Take for instance, the first story, where at the end it turned out to all be a plot of the mysterious Hollow Men, connected to something called the Broken Silo. With this new story, it felt like the first story was being put on hold for a while. Instead, Psionic Lad’s story is getting pulled into the greater framework, with Simon having the good sense to use Psionic Lad’s powers to try and figure out more about the Broken Silo. It’s a fun little moment, one that opens up the existing subplot rather than burying it, and it rewards readers who stick around.
As for the main story itself, it’s not bad. Psionic Lad is an entertaining enough character, and I like that Lemire is continuing to flesh out Simon and Lori, both characters created by Geoff Johns and Francis Manapul on their short-lived “Adventure Comics” run. Superboy comes off a little dim and overly trusting in places, but overall he’s not fairing badly under Lemire, and he’s an earnest enough character that you want him to do well.

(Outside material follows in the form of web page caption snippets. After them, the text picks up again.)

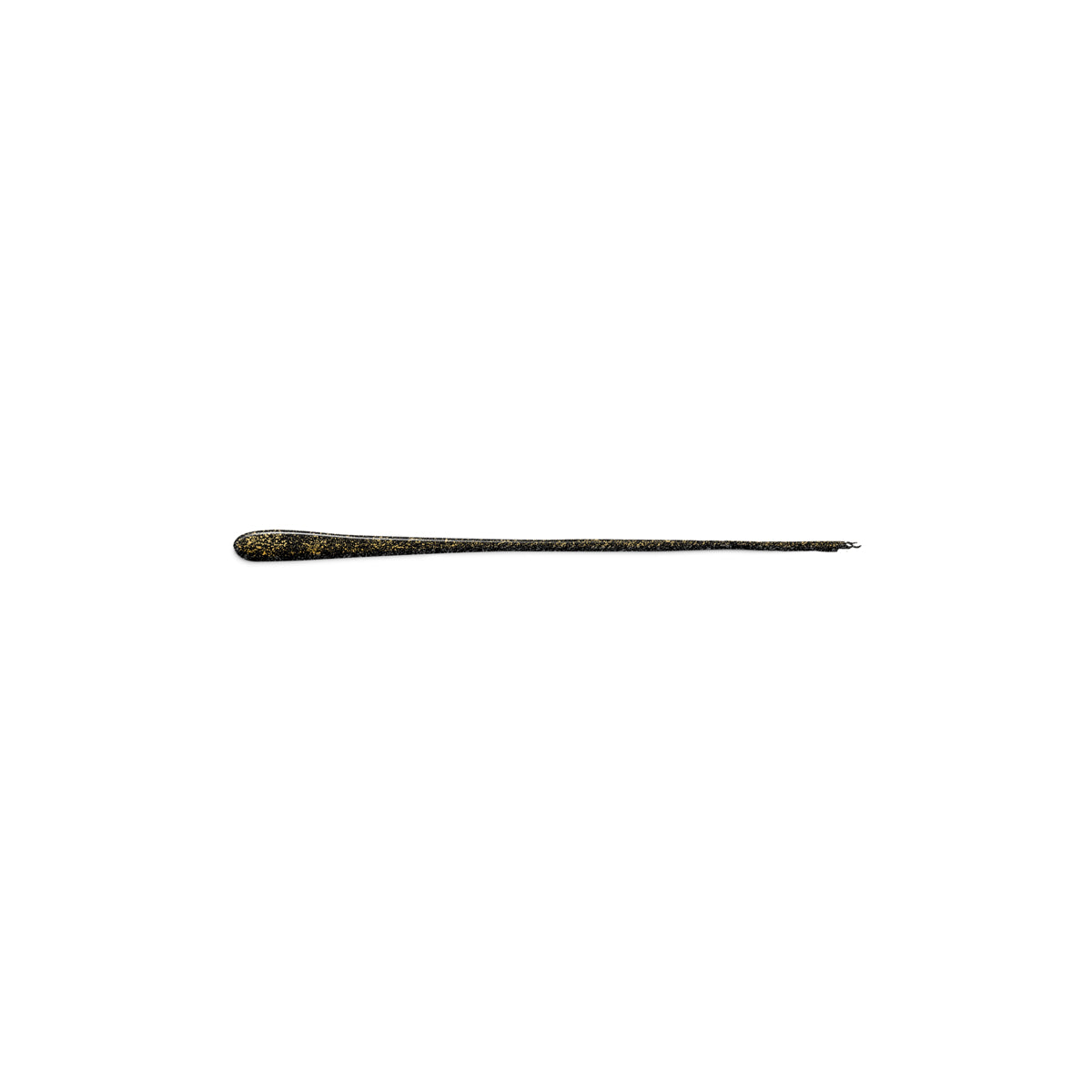 Lumiverse Sparkle Blitz Eyeliner - 90000539_KC000001145003B_03 Nebula Noir_KC000001145003B_03_02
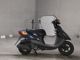 Фото Yamaha JOG DX с японского аукциона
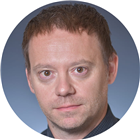 Dr. Christopher J Etterle, MD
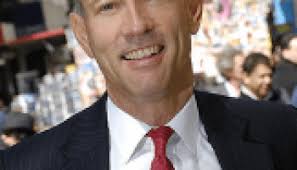 Law school defends lecture series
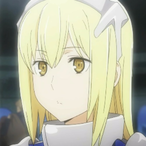 Vraalzera's Avatar'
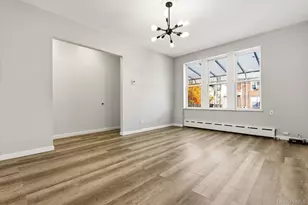 2534 E 26th St, Brooklyn, NY 11235 - Photo 4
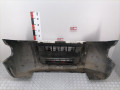 бампер передний Peugeot Bipper 1 поколение 2014, 1.3 л., МКПП, фургон, 7401PN - фото №7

Pier Gallo’s art, frustratingly, is uneven throughout the comic. There are some parts that look great: the circuit-board pattern of Psionic Lad’s powers, for instance, or the full-page splash of Mr. Gillam’s face with small panels sprinkled over top as the memories bubble up. And half of the time, Superboy himself looks great, like a real high school boy. But there’s a certain inconsistency to the art; the Superboy in the bedroom with Psionic Lad looks like a completely different character than the one talking to Lori just a page later, for instance, going from a doughy face and limp hair to a leaner look. And while I love the layout of the opening two-page splash where Superboy flies through the line of attackers, Superboy himself looks somewhat awkwardly posed. I do think that Gallo’s art is already looking better than in the previous issues, though, so this is hopefully a case where the longer Gallo is on board the stronger he’ll get.
Bit by bit, “Superboy” is finding its own voice. I like how Lemire is building his stories in a way that click together, and as said before, Gallo’s art is slowly improving. This is a book to keep an eye on. Right now it’s good, but in a year’s time it could quite easily be great.